On Thu, Jul 8, 2021 at 12:02 PM Peter Giles <gil...@uw.edu> wrote:

> Hi all, I have a non-iceberg Spark streaming process that I'm trying
> to re-engineer, and am running into some trouble making it happen
> using Iceberg.  I think I'm using a fairly common pattern, so I wonder
> if someone here can give me a tip on how to go about it.  I'll try to
> be concise but give enough detail to convey the problem:
>
> It's a spark streaming app that takes micro-batches of data from a
> kafka topic, does some transformation on it, sorts the in-flight data,
>  and then writes the micro-batch out into an existing ORC "table" (not
> a hive table, just an HDFS directory that contains all of the
> partitions).  The table is partitioned by date+hour, and within each
> partition it's ordered by a string field.  There is a constant stream
> of incoming data, and it's a whole lot of volume, so micro-batches are
> being processed frequently, each of which creates an additional set of
> ORC files within the table.  This results in lots of files being
> created, way more than is optimal, so after a time, when all the data
> for an hour has finally been written out, a separate job
> "compacts"/coalesces that hour of data (in other words, it gets
> re-written to a smaller number of ORC files).
>
> Why do it this way?
> * Data is available for search/analysis almost immediately.
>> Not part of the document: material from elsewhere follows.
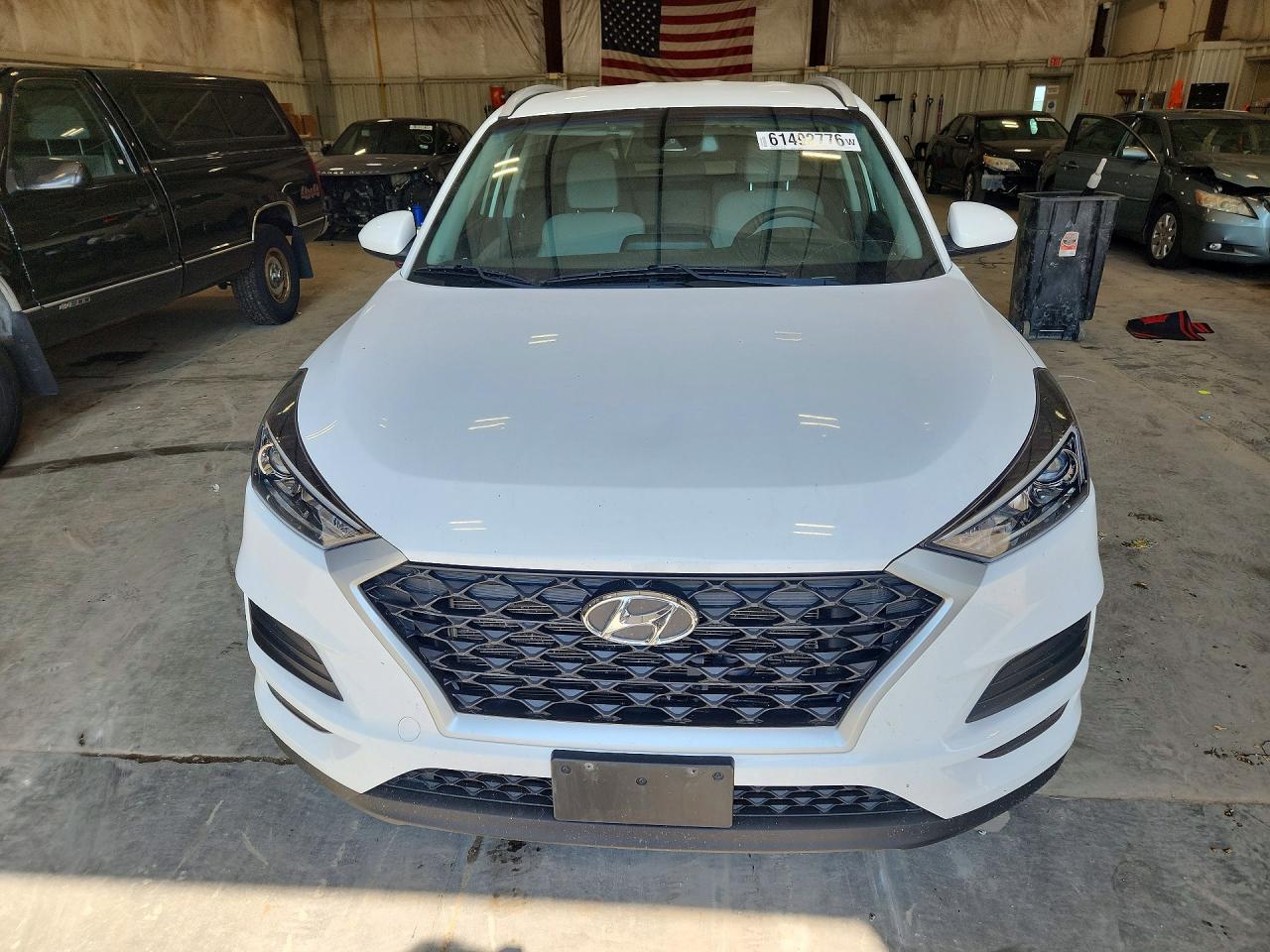 2019 HYUNDAI TUCSON VALUE — снимка 5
All the
> previous hours of data, having been compacted, are well optimized, and
> having one poorly optimized hour is fine in trade for being able to
> access the most recent data too.
> * Writing many smaller ORC files for the current hour allows each file
> to keep the correct ordering, which turns out to be important:  Using
> ORC's bloom filters (AKA "light indexes") in combination with the
> sorted data vastly improves search performance.
>
> The major pain point is "compaction": because that process rewrites
> the hour of data and then replaces the existing files, it will break
> any already running analyses that happen to need rows from that hour.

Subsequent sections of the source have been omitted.